Supplied information –
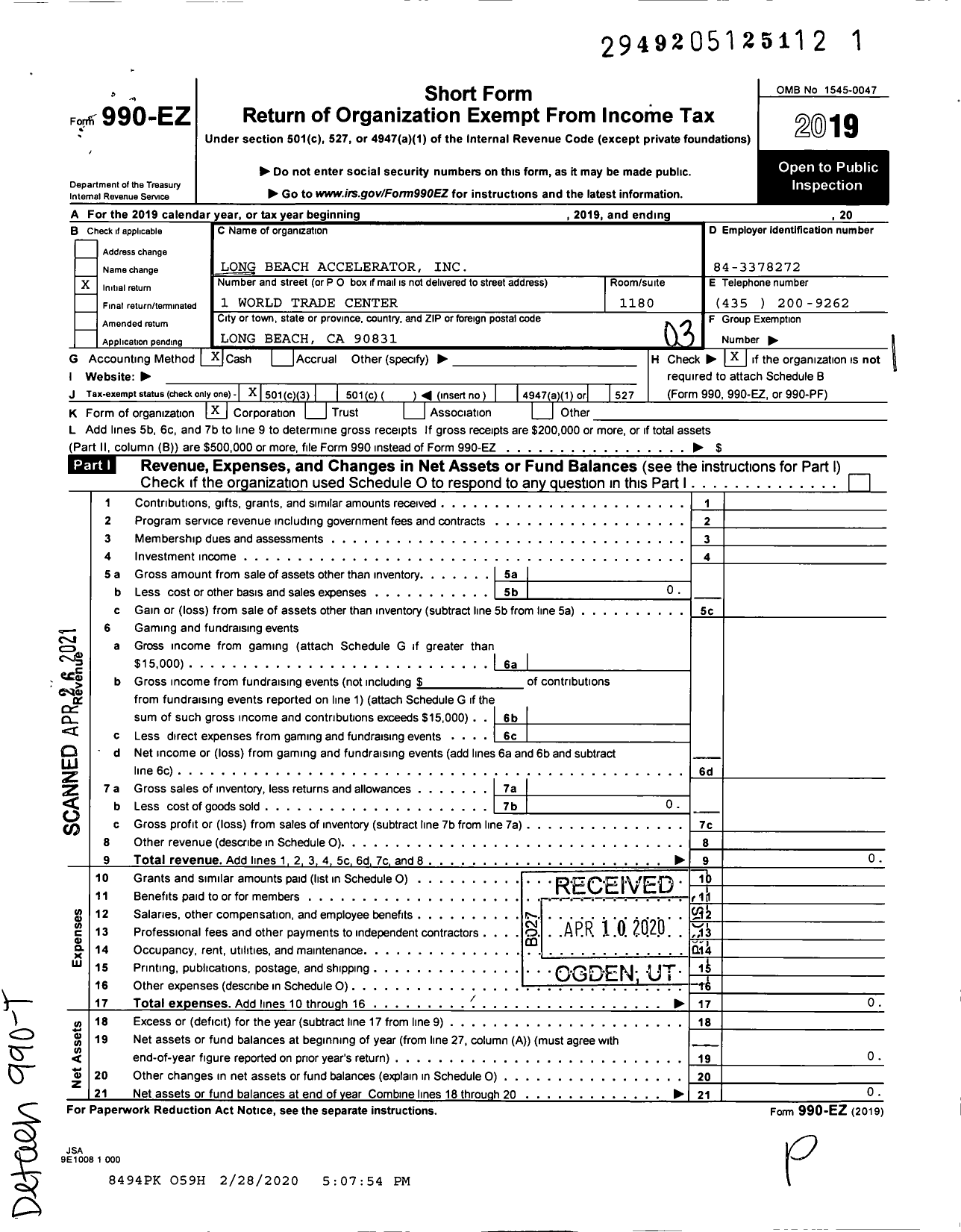 Image of first page of 2019 Form 990EZ for Long Beach Accelerator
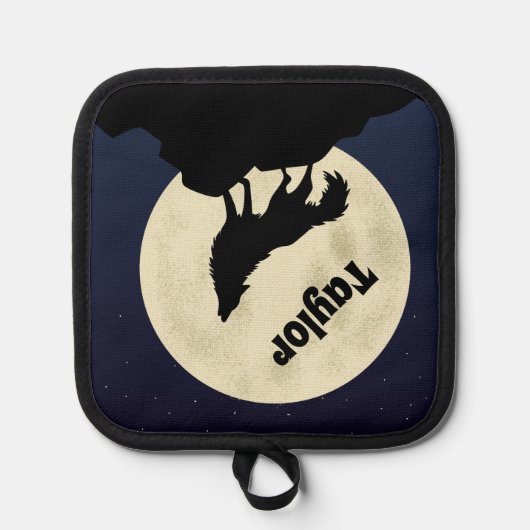 Wolf Howling op de Maan Gepersonaliseerd Pannenlap (Voorkant)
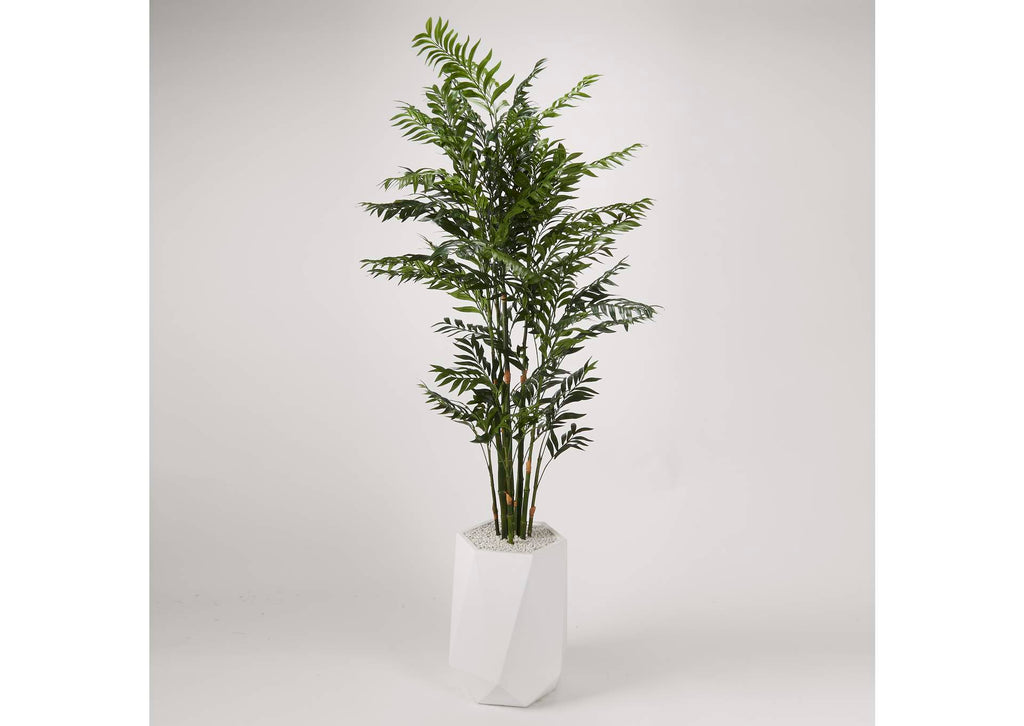 320414 8' Deluxe Bamboo Tree in White Resin Planter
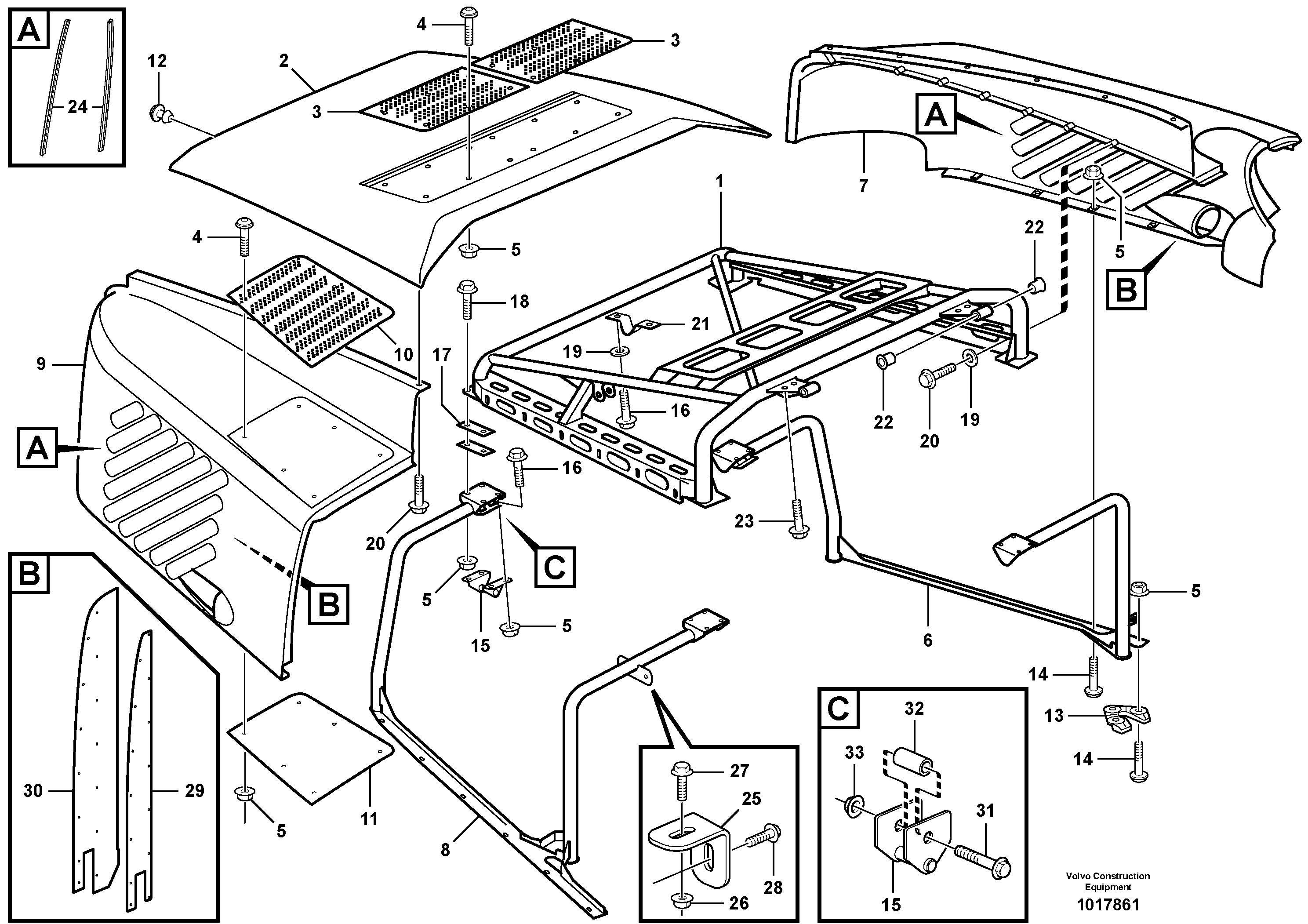 Engine hood — volvo parts diagram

What to produce –
Transcribe the whole listing, character for character, but not its images.

Result of the task –
 Image of first page of 2019 Form 990EZ for Long Beach Accelerator
 Wolf Howling op de Maan Gepersonaliseerd Pannenlap (Voorkant)
 320414 8' Deluxe Bamboo Tree in White Resin Planter
 Engine hood — volvo parts diagram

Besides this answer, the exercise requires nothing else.